The U.S. is still catching up on fragrance safety. Here’s what MoCRA could — and might not — change.
Pick up almost any perfume, body lotion, or hair product, and somewhere on the label you’ll find the word “fragrance.” That single word can legally stand in for any combination of thousands of individual compounds, none of which a brand is required to name. But as of April 12, Canada became the first North American country to require brands to start breaking that down — and the FDA is expected to follow with a proposed rule under the Modernization of Cosmetics Regulation Act as early as May 2026. Both are notable milestones, and both are arriving considerably late to a standard the European Union set all the way back in 2003.
The fragrance labeling loophole exists because federal cosmetics regulation in the U.S. has been, until very recently, spectacularly stagnant. MoCRA, signed by President Biden in December 2022, is the first significant update to federal cosmetics law since the Federal Food, Drug, and Cosmetic Act of 1938 — an 84-year gap for an industry that generates hundreds of billions annually in the U.S. alone. Among its provisions, MoCRA requires the FDA to publish a list of specific fragrance allergens that must be disclosed individually on product labels, rather than obscured under the catch-all term.
The FDA’s current target is May 2026 — still only a proposed rule, with a final rule unlikely before 2027. The Trump administration’s executive order requiring agencies to eliminate ten regulations for every new one added has slowed new rulemaking across the board, even for requirements Congress has already mandated. FDA restructuring and staffing reductions have compounded the delay. “Although more is needed to ensure the safety of chemicals used in cosmetics, this update is a welcome step in the right direction,” Scott Faber, senior vice president for government affairs at the Environmental Working Group, said of MoCRA’s passage. “Consumers, not just the FDA, will have more information when purchasing cosmetics, since fragrance allergens will now be on product labels.” For now, that information remains on hold.

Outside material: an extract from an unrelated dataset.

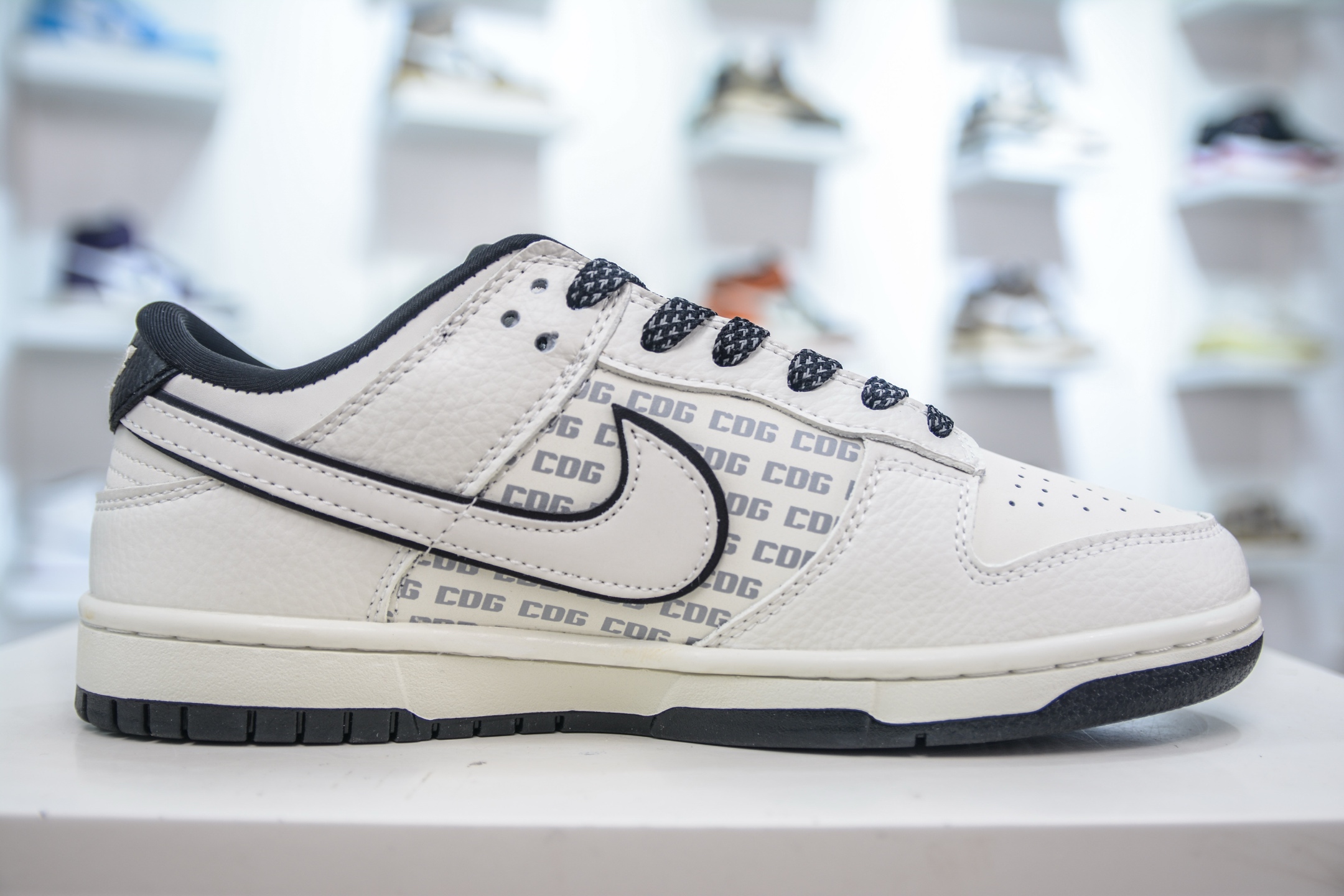 Nike SB Dunk Low x The North Face Collab White Black Sneakers 3 i1749657816378 9272 0 2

Where the rest of the world stands on fragrance disclosure
The EU made fragrance allergen labeling mandatory in 2003, when Directive 2003/15/EC required individual disclosure of 26 specific substances — a list built from scientific assessments the European Commission’s advisory body had been conducting since 1999. The thresholds are precise: allergens must be named when present above 0.001 percent in leave-on products or 0.01 percent in rinse-off products. That was the baseline. Under Regulation (EU) 2023/1545, the EU’s allergen list is now expanding from 26 substances to more than 80, with full implementation required by July 31, 2026. The EU is in the process of upgrading a system the U.S. hasn’t yet started.
Canada’s April 12 action aligns it nearly exactly with current EU standards: 24 required allergens now, expanding to 81 by August 1, at the same concentration thresholds. That Canada chose to sync with Europe rather than wait on U.S. leadership is, at this point, a telling choice.

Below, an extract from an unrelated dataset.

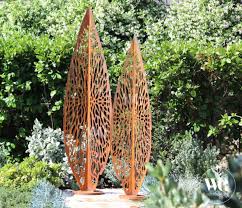Villa Leaf Sculpture Wg Outdoor Life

What the rule will — and won’t — actually fix
When the FDA’s fragrance allergen rule is eventually finalized, it is expected to track closely with EU standards, requiring individual allergen labeling above comparable thresholds. For Americans who experience fragrance sensitivity or allergic reactions to specific compounds — currently with no way to trace the source from a label — that would mark a genuine shift.
What it will not do is require full ingredient transparency. Even a product that satisfies every MoCRA requirement can still list “fragrance” or “parfum” for non-allergen components, meaning most of a formula remains legally hidden. A brand could comply fully with the rule and still leave the majority of its fragrance chemistry unnamed. Voluntary programs — like Credo Beauty’s Radical Fragrance Transparency initiative, which has 71 brand partners disclosing their complete ingredient lists — fill part of that gap by choice. Nothing in federal law will require them to.
The U.S. market will remain the regulatory outlier until at minimum 2027, when a final rule might realistically take effect — leaving American shoppers without information that European consumers have had for over two decades and that Canadians now have as of this week.